The court then explained its guidelines-range findings and asked whether either side had any objections. Mr. Hoke's attorney replied that he would be objecting to the Guidelines as a whole, and he noted that the court is not bound by the Guidelines. The court acknowledged that the Guidelines are advisory and then noted that it would consider "the [section] 3553(a) factors as well as the advisory guidelines in issuing its decision on the appropriate sentence." Id. at 7. Mr. Hoke then presented mitigating statements from several witnesses, and his attorney argued that he should receive the mandatory minimum sentence of sixty months.

After the attorneys for both sides had spoken, the court directed Mr. Hoke to stand, and asked: "Is there anything you wish to say or offer in mitigation before this Court imposes sentence?" Id. at 26. Mr. Hoke replied that he had health problems. He admitted to looking at adult pornography, but denied ever looking at child pornography. The court then sentenced Mr. Hoke to 121 months' imprisonment for Count 1 and 120 months' imprisonment for Count 2, to run concurrently, followed by five years of supervised release.


Because Mr. Hoke raised no objection regarding his right of allocution at the district court level, we review only for plain error. See United States v. Luepke, 495 F.3d 443, 446 (7th Cir. 2007); Fed.R.Crim.P. 52(b). "Plain error review requires us to determine: (1) that error occurred; (2) that the error was plain; and (3) that the error affected the defendant's substantial rights." Luepke, 495 F.3d at 448. "If these criteria are met, we may reverse, in an exercise of discretion, if we determine that the error `seriously affects the fairness, integrity, or public reputation of judicial proceedings.'" Id. (quoting United States v. Simpson, 479 F.3d 492, 496 (7th Cir. 2007)).

Mr. Hoke submits that the district court foreclosed any possibility of a below-guidelines sentence, prior to his opportunity to address the court, when it stated that his sentence would be "within the advisory guideline range." R.123 at 5. Mr. Hoke therefore contends that the court violated his right of allocution and maintains that the violation was not cured when the court later allowed him to present witnesses and to personally address the court. See Luepke, 495 F.3d at 452; Fed.R.Crim.P. 32(i)(4).

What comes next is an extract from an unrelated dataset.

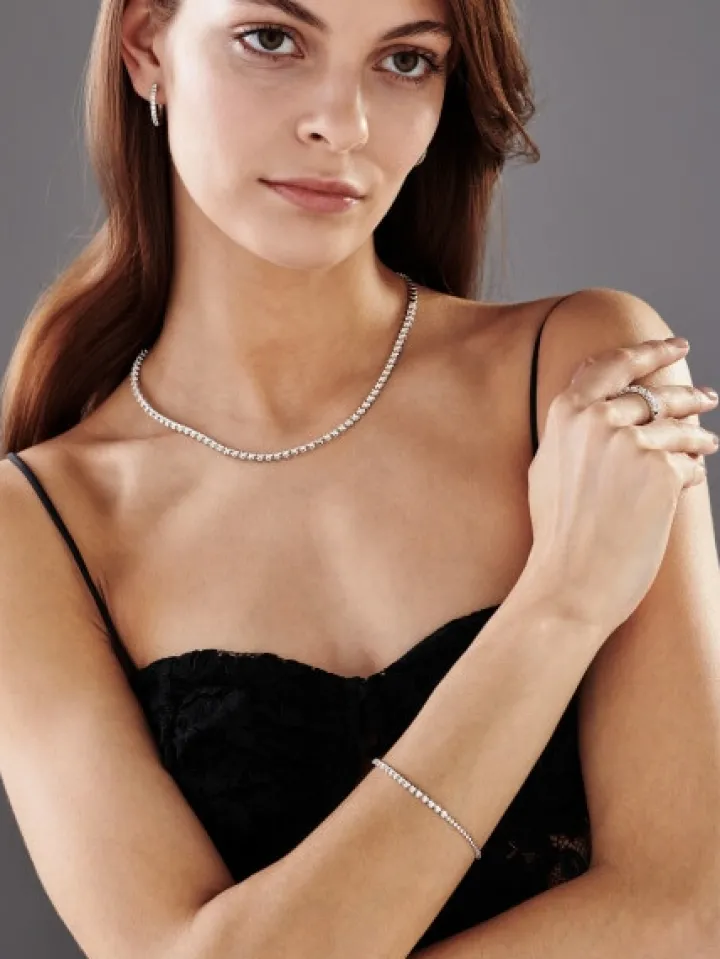 Naszyjnik z białego złota z brylantami - 45 cm, - 2,08 ct - próba 585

Federal Rule of Criminal Procedure 32(i)(4)(A), which codifies the common law right of allocution, states that, prior to imposing a sentence, the court must "address the defendant personally in order to permit the defendant to speak or present any information to mitigate the sentence." In Green v. United States, 365 U.S. 301, 304, 81 S.Ct. 653, 5 L.Ed.2d 670 (1961) (plurality opinion), the Supreme Court interpreted an earlier version of this rule and held that a defendant must be afforded the opportunity to personally address the court. The Court stated that district courts should "unambiguously address themselves to the defendant" and "should leave no room for doubt that the defendant has been issued a personal invitation to speak prior to sentencing." Id. at 305, 81 S.Ct. 653.

We must consider the district court's statement regarding sentencing Mr. Hoke under the Guidelines in the context in which it was made. During the sentencing hearing, the Government objected to the PSR, maintaining that Mr. Hoke should have received an obstruction of justice enhancement for making false statements. The court declined to apply the enhancement and explained that it would "be taking into account his testimony when it issues its sentence, which will be within the advisory guideline range. . . ." R.123 at 5.

When read in context, it is evident that the district court was merely communicating that it would use the Guidelines as its baseline, as opposed to the elevated sentencing range that the Government sought. After the court stated its intent, Mr. Hoke's attorney quickly noted that he would be challenging the applicability of the Guidelines and stated that the court was not bound by them. The court agreed, noting that the Guidelines "are advisory." R.123 at 7. It further stated that it would be "considering [section] 3553(a) factors as well as the advisory guidelines in issuing its decision on the appropriate sentence." Id. In this colloquy with counsel, the court expressed clearly that it had not reached a conclusive decision regarding Mr. Hoke's sentence and that it would consider the relevant sentencing factors and the advisory nature of the Guidelines. The court, moreover, gave Mr. Hoke an opportunity to present witnesses and invited him to address the court. We conclude that the court did not deny Mr. Hoke his right of allocution and, therefore, did not commit plain error.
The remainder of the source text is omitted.